Shares in India’s Adani Group continue to plunge after U.S. short-seller Hindenburg Research accused the conglomerate of accounting fraud, leading investors to dump its stocks.
Gautam Adani and his family have suffered massive losses since Hindenburg issued its report on January 24.
By Monday morning, the stock rout had wiped more than $62 billion off the market cap of the seven listed companies and almost $30 billion off Gautam Adani’s family fortune.
Businesses in the conglomerate span industries including construction, data transmission, media, renewable energy, defense manufacturing, and agriculture.
Most of the allegations by Hindenburg involved concerns about the group’s debt levels, activities of its top executives, use of offshore shell companies, and past fraud investigations.

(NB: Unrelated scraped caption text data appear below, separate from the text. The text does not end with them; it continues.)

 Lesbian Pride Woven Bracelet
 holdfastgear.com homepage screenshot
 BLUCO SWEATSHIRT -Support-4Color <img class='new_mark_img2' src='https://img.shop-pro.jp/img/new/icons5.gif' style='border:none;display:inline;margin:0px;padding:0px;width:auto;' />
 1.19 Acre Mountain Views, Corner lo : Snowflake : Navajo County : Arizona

Following the report’s release, Jatin Jalundhwala, head of the Adani group’s legal department, said the group “was evaluating the relevant provisions under U.S. and Indian laws for remedial action against Hindenburg Research.”
“Hindenburg Research, by their own admission, is positioned to benefit from a slide in Adani shares,” Jalundhwala said.
In Monday trading, the company’s Adani Enterprises gained 4.8% to trade at 2,892.85 rupees ($35.50), but shares in other Adani listed companies fell between 5% and 20%.